‘I came forth from the Father and came into the world. Now, I am leaving the world and going to the Father’.
So Jesus said at the Last Supper, summing up his life in a sentence.
Since Advent and Christmas, we’ve been following Jesus’ journey from the Father into the world. He ‘came down from heaven’, says the Creed. This is not about astrophysics or topography. Rather, he, the Son of God, entered our human situation, stage by stage, ever more deeply. He went down under the water in the River Jordan at his baptism, down to our weakness when he was tempted by the devil in the desert. He went down into the distress of Gethsemane and the pain of the Passion. He was taken down from the cross and buried, and descended into the world of the dead. So, he went the whole way into our situation, our life, our death, the whole human thing. Then, with Easter, the imagery, the movement changes. He rose from the dead and today he ascends to the Father. It is the other half of the story, the upward curve. ‘While they were looking on, he was taken up and a cloud him from their sight.’ Again, it’s not about geography or astrophysics. It’s about us being taken up into his life, his situation. He came into ours so that we might enter into his. ‘I shall be their God and they shall be my people.’ God with us and we with God. It’s two-sided, reciprocal. He shared our sadness so we can share his joy. He identified with us, so we can be identified with him. And the great feasts that follow after Pentecost – think of the Assumption and All Saints – are feasts of ‘going up’, our going up with him. Today, the Psalm says: ‘God goes up with shouts of joy; the Lord goes up with trumpet blast.’ Today’s Collect runs: ‘Gladden us with holy joys, almighty God, and make us rejoice with devout thanksgiving, for the Ascension of Christ your Son is our exaltation, and where the Head has gone before in glory, the Body is called to follow in hope.’

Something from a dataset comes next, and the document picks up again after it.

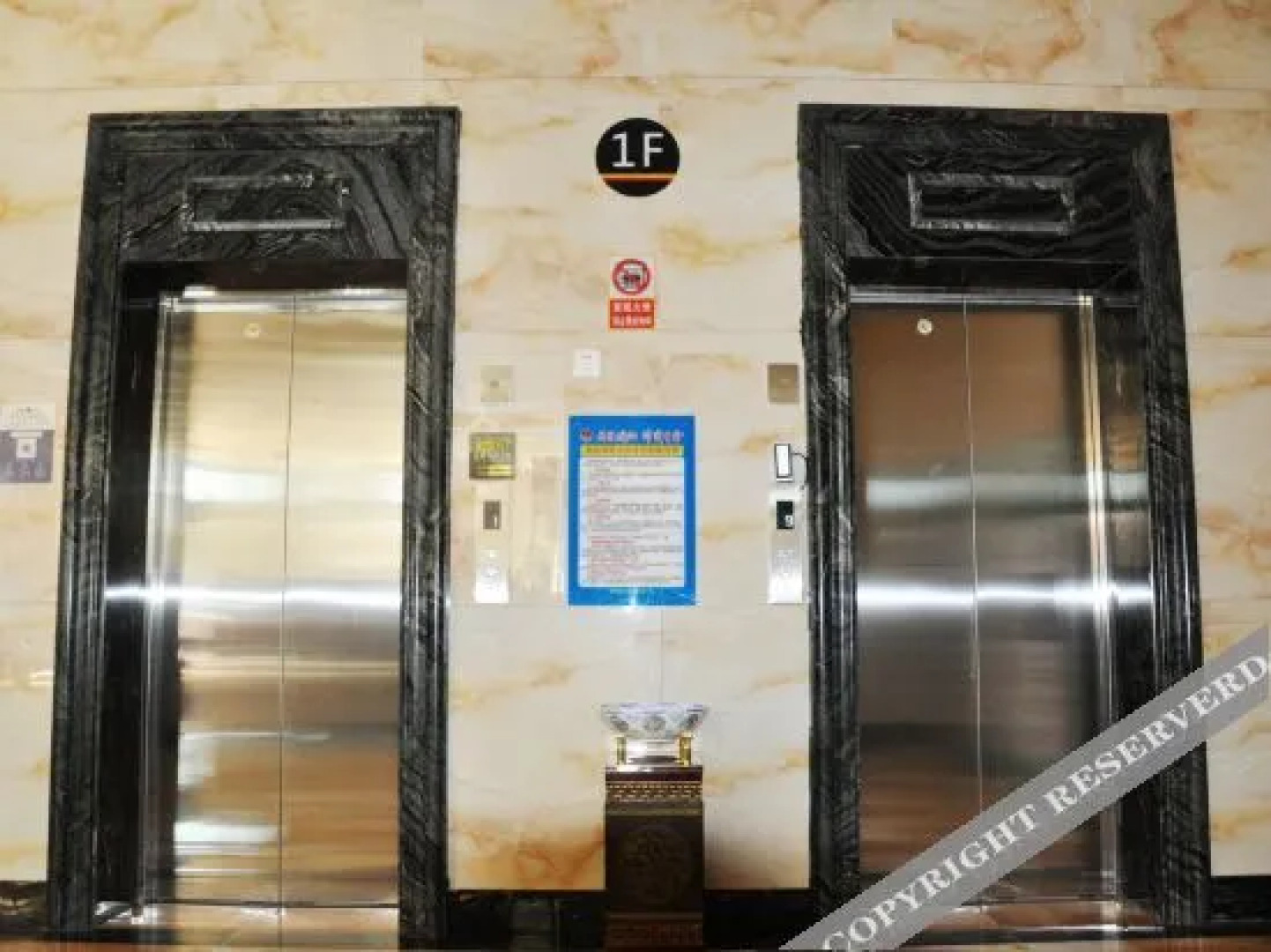 Super 8 Collection Hotel (Fukang Zhunge'er Road)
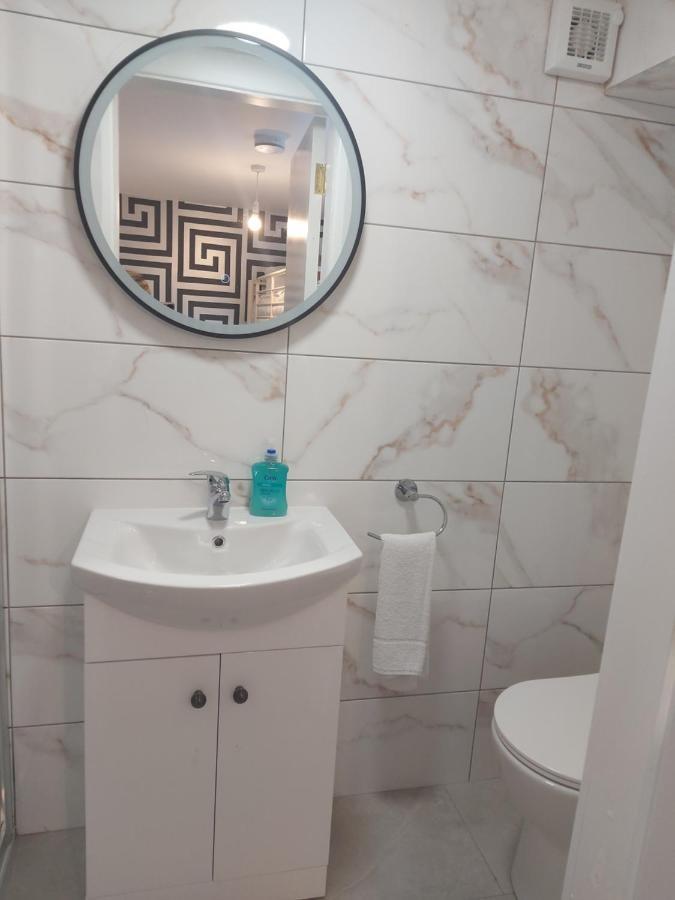 Tribeca Stay Galway Exteriör bild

Christ’s Ascension is our ascension. Here’s a comparison. Imagine Aberdeen were to win the Cup. Think of the delight of the fans at Hampden Park and of people back here. By the strange chemistry of identification, the victory of eleven men would be the victory of us all. Today, after a far more deadly game, Christ brings our humanity, taken from Mary, into the presence of his heavenly Father. It’s raised above the entire universe. ‘For human nature has been lifted above the dignity of all the creatures of heaven, passing beyond the ranks of the angels, being raised above the high seat of the archangels, to receive an elevation that has no limit until it is admitted into the eternal Father’s dwelling, to share his glorious throne’ (St Leo). Here is Christ our Captain lifting up the trophy, the cup – which is us, our humanity, joined to his divinity. Here are the angels applauding. Here are we back home, following the victory, as it were, on the sacramental screen of the liturgy. ‘All peoples clap your hands…Sing praise for God, sing praise.’
Or again: think of the great explorers and discoverers. They’d reach the North Pole, or discover an island, or a whole new land. And they’d plant the national flag. Back the news would come and the whole country would swell with pride. Again, it’s this mystery of identification. Today, our victorious Lamb has planted the flag of humanity in the heart of the Trinity. There we are in God, body and soul. There’s that flag of our wounded but glorified human nature blowing in the wind of the Holy Spirit. Our Columbus, our Captain Cook, our Shackleton has made it. And, through him, with him, in him, so have we.
Perhaps, we can take this idea of exploration still further. The grace of our Lord’s Passion is the forgiveness of sins. The grace of his Resurrection is a spiritual rebirth: faith, hope and charity in the human heart. The grace of his Ascension is the opening of heaven. It’s as though a whole new territory, a new continent is opened up for us. Opened up and annexed, claimed for the crown, the kingship of Christ. Our life now has a quite new, qualitatively different potential. How people once yearned to reach North America or are yearning now for Europe or Australia: longing to be safe and free and able to flourish; a better life. In reality, migration doesn’t always work out as we dream, can end in shipwreck, and even when not, we are still in the sphere of this life only. But today Jesus shows himself no longer confined by any constrictions. We may be harried by time and locked into space, destined to die, but he has now broken this open from within, opened another horizon. He opens up a new kind of time and space, where our whole being will be safe and free and alive, alive with a life death cannot touch.
How grateful we should be to Jesus!
We glimpse this new space, this new possibility, when we really love. It can be tasted in the loveliest moments of the love of man and woman, or in friendship, or in whole-hearted dedication. When we can completely accept and be completely accepted, give and receive from a full heart, having full access to another’s heart and they to ours. Heaven is that and more. It’s the peace of total mutual love with no fear of loss and change, when we’re taken past any possibility of rejection or condemnation, able to throw ourselves into an infinite ocean of love.
‘Sing praise to our God, sing praise.’ Let us thank him for his mercy, for this hope, this new horizon, this future. Let’s live lives that prepare us for it. Let’s have a foretaste of it here tonight, in peace around the altar, he in us and we in him through the Eucharistic mystery. He is closer than ever to us now, longing to give us his joy.